## Instructions to follow:
Somewhere below is a line with "Luxe Lilac Wonderland" and, later, a line with "Logotrade promotional products"; repeat those two lines and all the lines between them, exactly as they are.

## Recorded data:

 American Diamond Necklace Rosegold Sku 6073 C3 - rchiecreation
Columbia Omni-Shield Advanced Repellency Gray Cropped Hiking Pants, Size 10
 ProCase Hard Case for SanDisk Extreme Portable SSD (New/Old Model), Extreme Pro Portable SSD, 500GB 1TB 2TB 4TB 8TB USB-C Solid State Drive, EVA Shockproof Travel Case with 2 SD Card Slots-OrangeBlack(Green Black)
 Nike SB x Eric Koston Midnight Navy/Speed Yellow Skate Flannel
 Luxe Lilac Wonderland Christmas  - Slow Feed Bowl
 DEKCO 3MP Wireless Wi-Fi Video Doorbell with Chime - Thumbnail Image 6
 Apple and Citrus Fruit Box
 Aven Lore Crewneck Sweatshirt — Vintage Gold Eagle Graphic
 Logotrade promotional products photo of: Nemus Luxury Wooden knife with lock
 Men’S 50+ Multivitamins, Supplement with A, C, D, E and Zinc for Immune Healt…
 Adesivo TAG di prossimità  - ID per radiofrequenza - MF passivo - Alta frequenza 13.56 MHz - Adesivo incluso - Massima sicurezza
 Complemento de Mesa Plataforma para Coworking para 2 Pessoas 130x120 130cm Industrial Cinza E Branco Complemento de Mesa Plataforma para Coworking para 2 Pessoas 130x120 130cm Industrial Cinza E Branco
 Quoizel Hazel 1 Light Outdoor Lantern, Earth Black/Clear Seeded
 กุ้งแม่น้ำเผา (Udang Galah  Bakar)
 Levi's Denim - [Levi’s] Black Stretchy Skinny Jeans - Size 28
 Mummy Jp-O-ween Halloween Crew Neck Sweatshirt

---

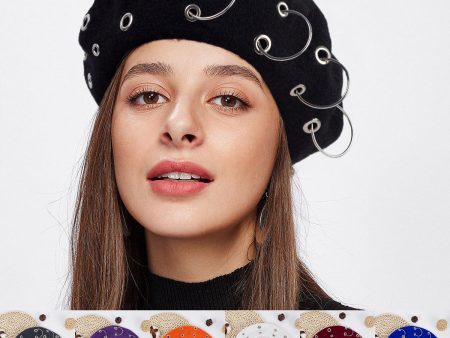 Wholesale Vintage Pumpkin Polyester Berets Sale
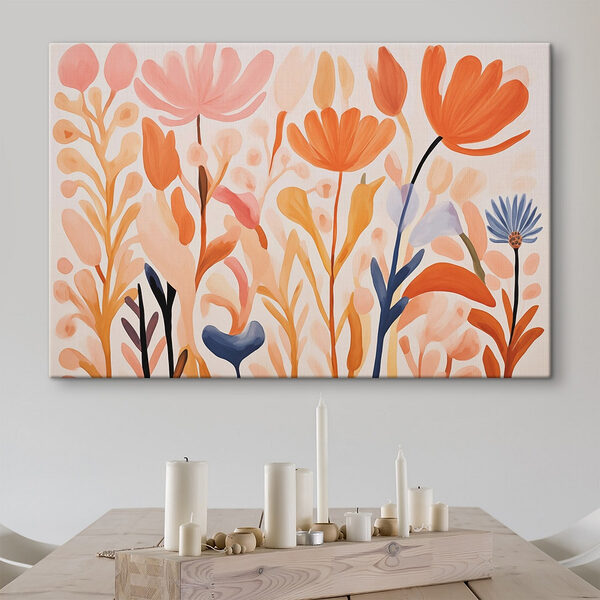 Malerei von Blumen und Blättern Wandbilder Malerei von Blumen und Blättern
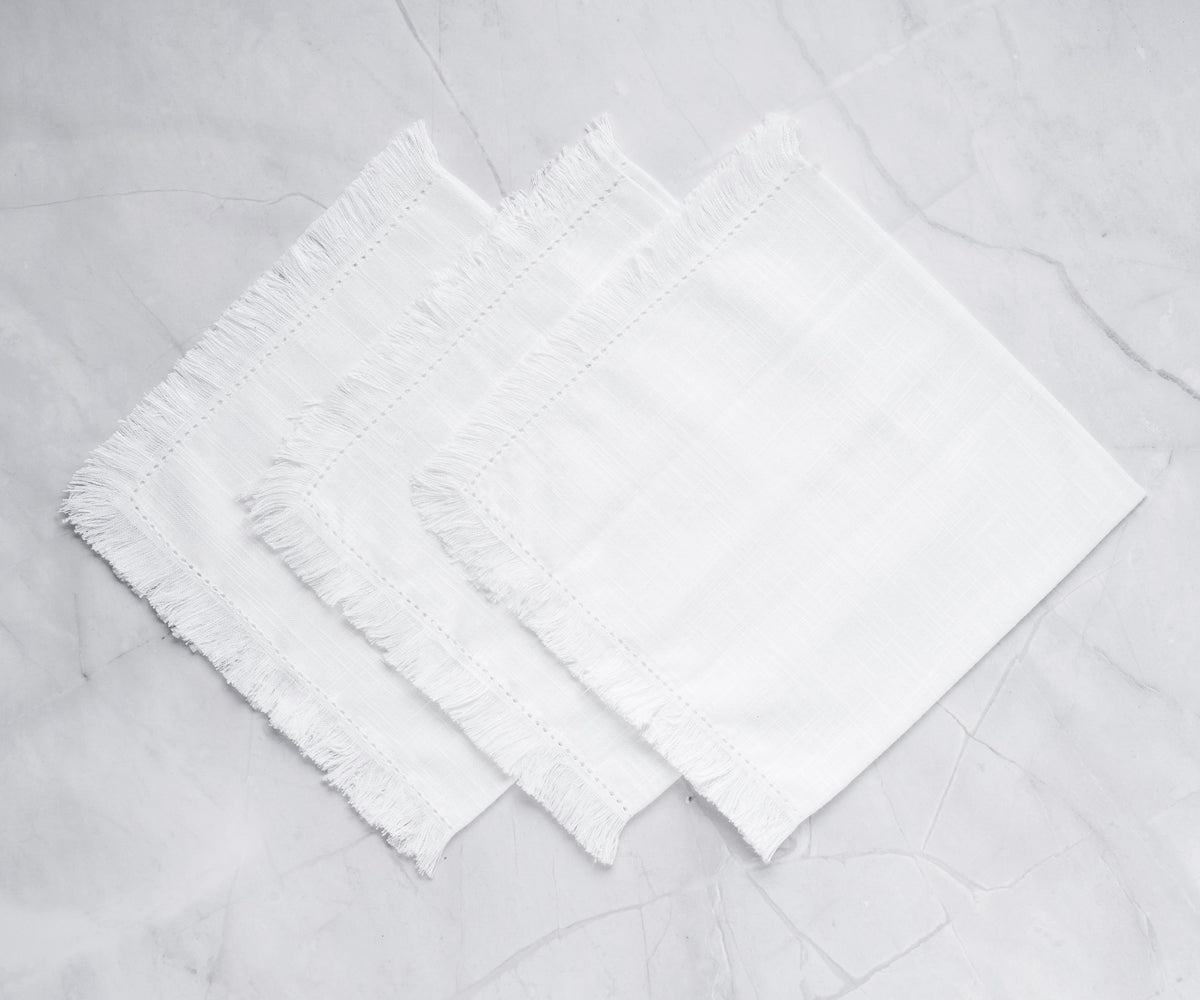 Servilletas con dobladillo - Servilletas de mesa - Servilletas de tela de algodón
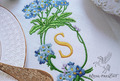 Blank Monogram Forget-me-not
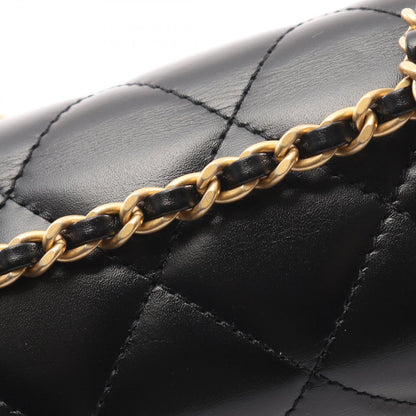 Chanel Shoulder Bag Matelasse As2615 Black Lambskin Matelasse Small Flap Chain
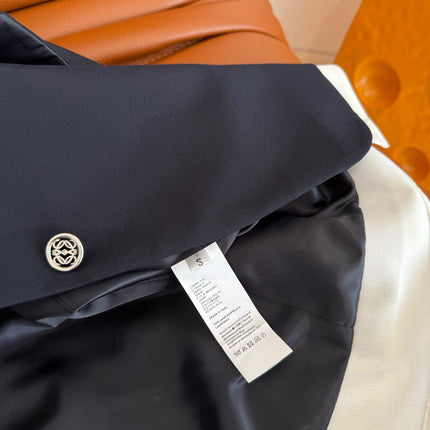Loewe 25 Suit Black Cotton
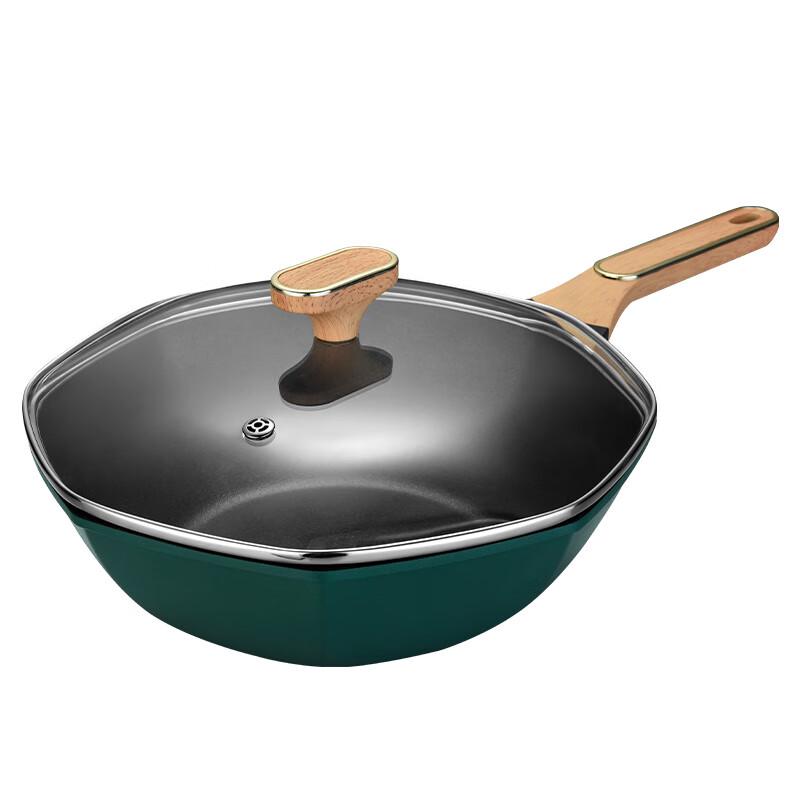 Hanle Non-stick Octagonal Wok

...

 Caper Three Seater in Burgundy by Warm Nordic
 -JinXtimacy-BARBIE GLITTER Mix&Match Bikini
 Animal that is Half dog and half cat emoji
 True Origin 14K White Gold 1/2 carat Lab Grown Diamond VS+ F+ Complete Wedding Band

## Output for this task:
 Luxe Lilac Wonderland Christmas  - Slow Feed Bowl
 DEKCO 3MP Wireless Wi-Fi Video Doorbell with Chime - Thumbnail Image 6
 Apple and Citrus Fruit Box
 Aven Lore Crewneck Sweatshirt — Vintage Gold Eagle Graphic
 Logotrade promotional products photo of: Nemus Luxury Wooden knife with lock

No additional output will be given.